Wonderful Wednesday May 2025 (62)

Longitudinal data Wonderful Wednesdays

As the current therapy of the Macrophage Activation Syndrome has significant side effects, dose reduction is key. Here are visualisations to effectively demonstrate the dose reduction over time, both on the individual level and in summary.

PSI VIS SIG https://www.psiweb.org/sigs-special-interest-groups/visualisation
05-14-2025

Macrophage Activation Syndrome

Macrophage activation syndrome (MAS) is a severe, potentially life-threatening condition involving a massive inflammatory response that overwhelms the whole body.

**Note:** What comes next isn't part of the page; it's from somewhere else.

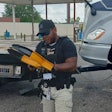 An armed A1's Towing & Hauling agent tows a truck from A Valero station in Memphis, even though the operator was on-site.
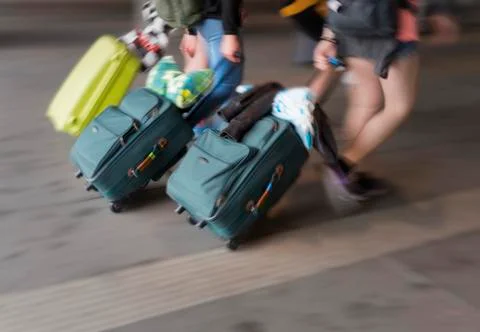 People with suitcases Stock Photos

It mainly affects children and symptoms include: fever, tiredness, low energy, headaches, confusion, seizures, enlarged lymph nodes, liver and spleen problems and bleeding disorders.

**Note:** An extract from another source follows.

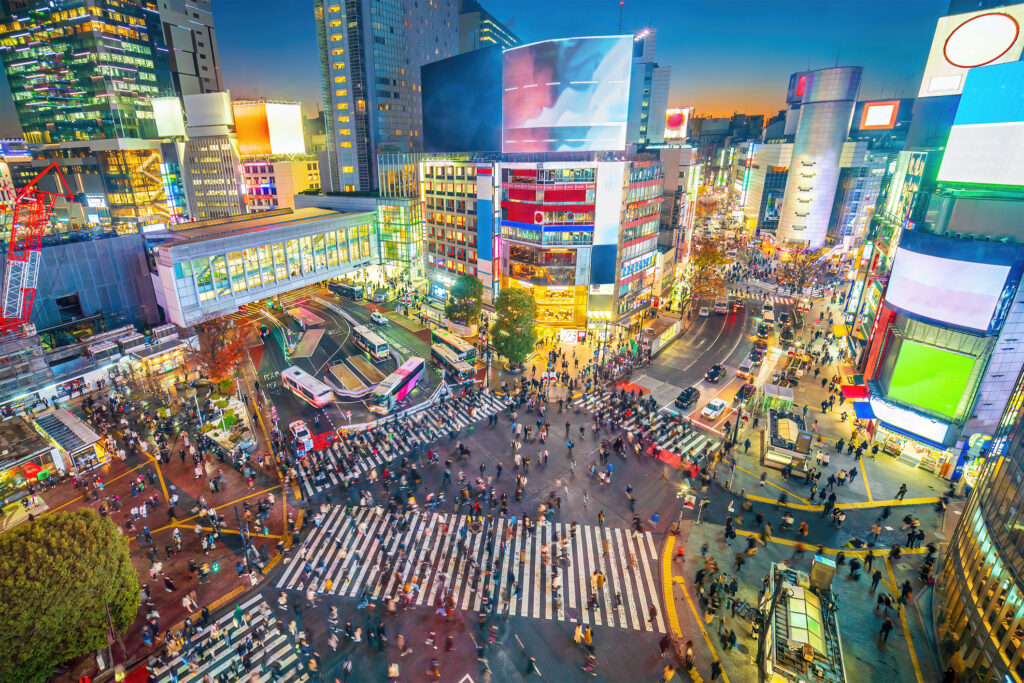 A vibrant view of Shibuya Crossing at sunset with crowds of people, illuminated buildings, and busy streets in Tokyo, Japan.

Current standard therapy includes high dose glucocorticoid (GC) treatment, although these have significant side effects including reduced growth rate, cataracts, mood changes and weight gain. Long term exposure to GC causes significant harm, especially in children.

Data set:

The data provided are based on two pooled open-label studies in children (n=39) with a diagnosis of MAS disease currently receiving GC treatment. Enrolled subjects started a new investigational drug on day 1, and one objective of the study was to reduce (taper) the GC dose to a safe level during the 8 week interventional period.

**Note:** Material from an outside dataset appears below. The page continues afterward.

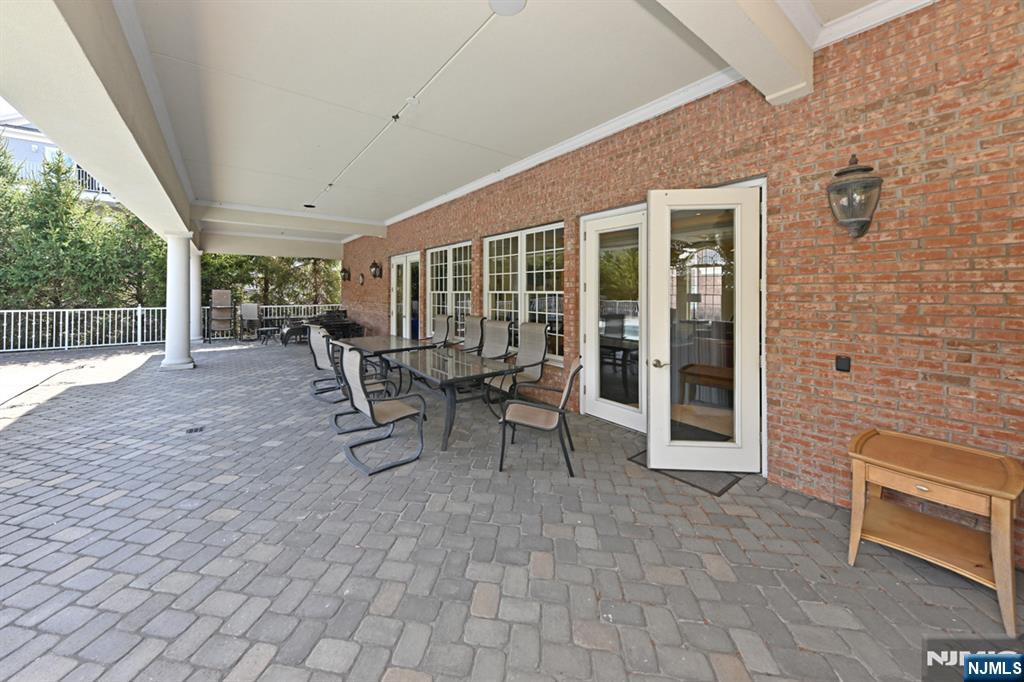 2303 Rio Vista Lane Northvale, NJ 07647 - Photo 29 of 30 a view of a patio with table and chairs and wooden fence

The data include daily GC doses levels for the 56 day interventional period, and also weekly average GC doses (week 1-8).

The Challenge:

A description of the challenge can also be found here.
A recording of the session can be found here.

Visualisations

The discussion of the various plots includes advantages of double coding, intelligent sorting, choosing time intervals, selecting suitable colour gradients and the level order. The latter one is important for streamgraphs, stacked bar charts and Sankey diagrams.

Example 1. Line graph

link to code

Example 2. Patient profile graph

The purpose of this plot is getting an initial “feel” for trends and variability in the raw data. With only 39 subjects a facet-plot showing dose vs. time for each individual was feasible. Facet were arranged from left to right and top to bottom in order of decreasing strength of correlation (values of the Somer’s rank correlation coefficient are shown in the next plot). Because the GC pulses represented extreme outliers, I used log scale to visualise trends, namely in the lower value range. Horizontal lines at 0.2, 0.5 and 1mg/kg/day define the three GC thresholds mentioned in the challenge. Additionally, doses >10mg/kg/day define GC pulses.

link to code

Example 3. Correlation dot plot

Somers’ D is a non-parametric measure of correlation related to Goodman-Kruskal’s Gamma and Kendall’s Tau-b. In contrast to the latter, the asymmetric Somers’ D coefficient is appropriate where of the variables being dependent on the other, as in this case.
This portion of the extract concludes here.